*** Opening of SUPPLIED MATERIAL ***

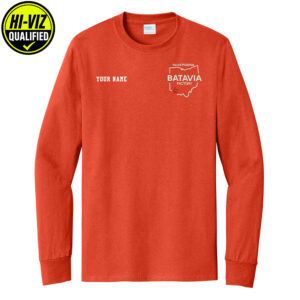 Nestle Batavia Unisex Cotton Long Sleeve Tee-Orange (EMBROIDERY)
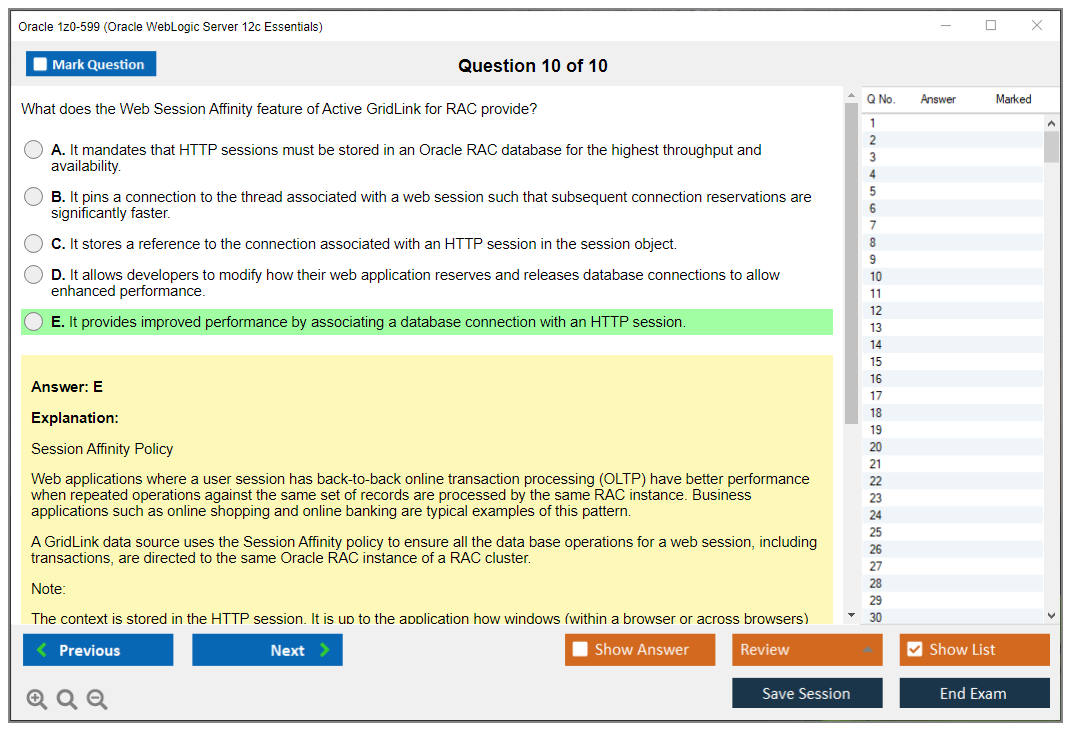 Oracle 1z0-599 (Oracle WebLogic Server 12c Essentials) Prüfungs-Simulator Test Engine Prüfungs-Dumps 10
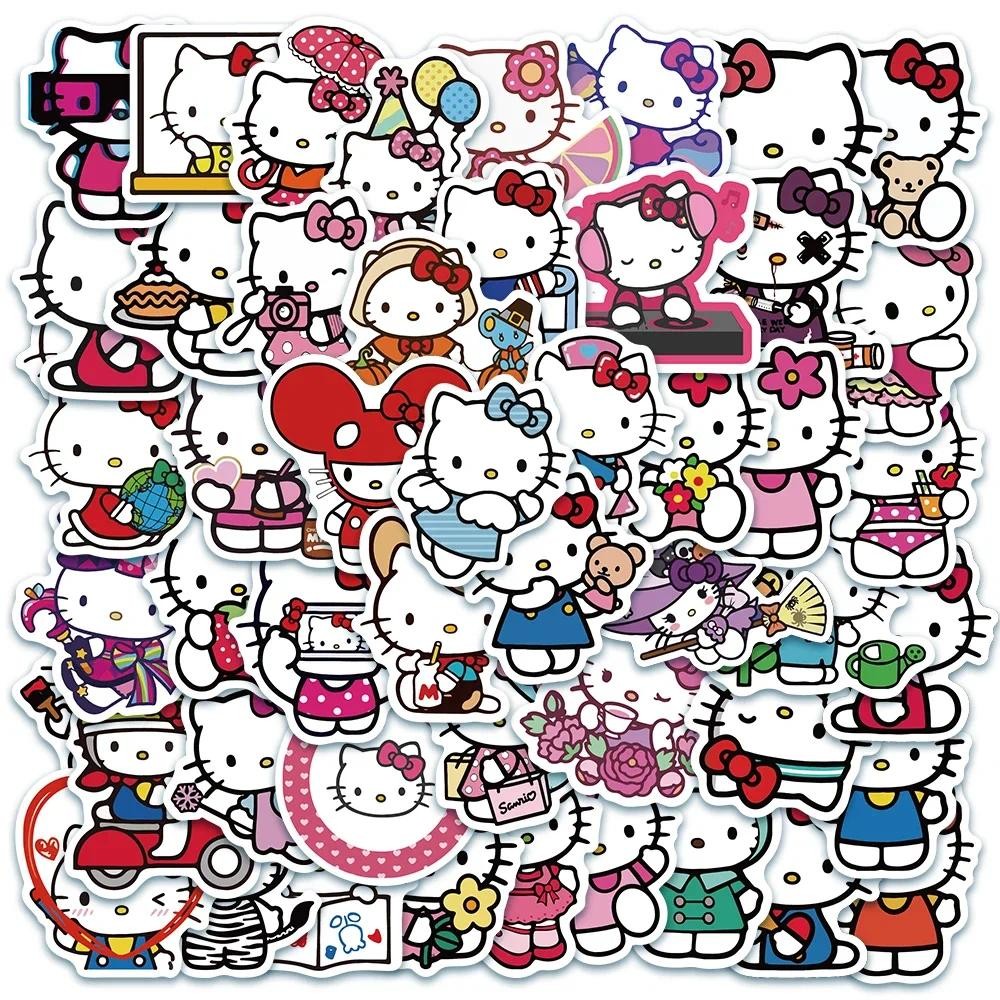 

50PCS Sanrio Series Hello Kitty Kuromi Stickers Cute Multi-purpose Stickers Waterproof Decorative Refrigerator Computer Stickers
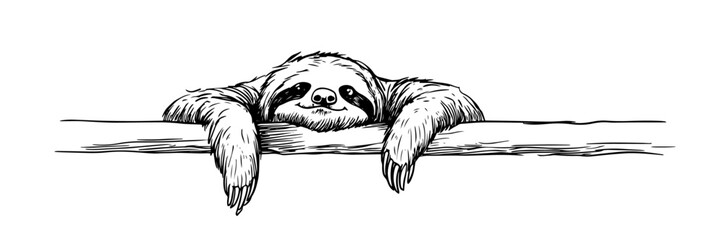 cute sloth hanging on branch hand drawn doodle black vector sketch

*** Close of SUPPLIED MATERIAL ***

= WORK INSTRUCTIONS =
All of the data needs repeating exactly, but the pictures do not.

= TASK ANSWER =
 Nestle Batavia Unisex Cotton Long Sleeve Tee-Orange (EMBROIDERY)
 Oracle 1z0-599 (Oracle WebLogic Server 12c Essentials) Prüfungs-Simulator Test Engine Prüfungs-Dumps 10

50PCS Sanrio Series Hello Kitty Kuromi Stickers Cute Multi-purpose Stickers Waterproof Decorative Refrigerator Computer Stickers
 cute sloth hanging on branch hand drawn doodle black vector sketch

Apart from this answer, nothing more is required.